Designed by architect Thomas Aldwinckle, the Brook Fever Hospital was one of five fever hospitals built during the 1890s by the Metropolitan Asylums Board. Its foundation stone was laid by Lady Galsworthy in July 1894, and the 488-bed hospital opened in 1896.

The hospital design separated infectious areas of the Hospital from the non-infectious, and had two entrances separated by a porter's lodge; the east
entrance was for infectious patients, the west for non-infectious staff and visitors. Hospital wards were housed in a series of 2-storey pavilions built in terraces and connected by roofed walkways. There were 40 separate blocks covering 21 acres of the 29-acre site. The hospital mainly catered for patients with scarlet fever (352 beds), enteric fever and diphtheria (112 beds).

During World War I, the hospital was requisitioned by the War Office for the treatment of military casualties, opening in September 1915 as the Brook War Hospital, with 1000 beds. MAB nurses were replaced by nurses from the Queen Alexandra Imperial Military Nursing Service, and the War Hospital was equipped with two new operating theatres and an X-ray room.

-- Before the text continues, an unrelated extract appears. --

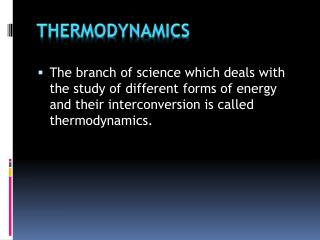 THERMODYNAMICS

It ceased to be a War Hospital on 5 November 1919, having provided treatment for 414 officers and 30,080 other ranks during the war.

In 1930, with the dissolution of the MAB, the hospital came under London County Council control, providing 552 beds dealing with scarlet fever and measles.

In World War II, it joined the Emergency Medical Service, becoming a general hospital for service personnel and civilians, and providing treatment for the many air-raid casualties, including victims of a V-2 rocket which hit the nearby Brook Hotel on 11 November 1944.

In 1948, it became part of the National Health Service, and was jointly managed with the nearby Memorial Hospital; medical beds were transferred from the Memorial to the Brook, which was eventually renamed the Brook General Hospital. During the 1950s, it also contained a training school for nurses for the Hospital for Sick Children in Great Ormond Street. An Accident and Emergency Department opened in the 1960s, built at the north of the site (it was to this unit that murdered Stephen Lawrence was taken and pronounced dead in April 1993). In 1971, June Jolly established a new children's unit at the hospital, fitting the wards and nurses with colourful curtains and aprons, and setting up a "care-by-parent" unit that encouraged parental involvement.

In the mid-1990s, A&E services were transferred to the nearby military hospital (built in the 1970s on the site of the Shrapnel Barracks) – now the Queen Elizabeth Hospital, London (officially opened in March 2001) – and the Brook General Hospital closed.

Most of the hospital buildings were subsequently demolished and replaced by housing. The hospital's distinctive water tower remains a landmark, while the entrance lodge, administration block and steward's house have also been preserved. An ambulance station continues to operate from its site on Shooters Hill Road.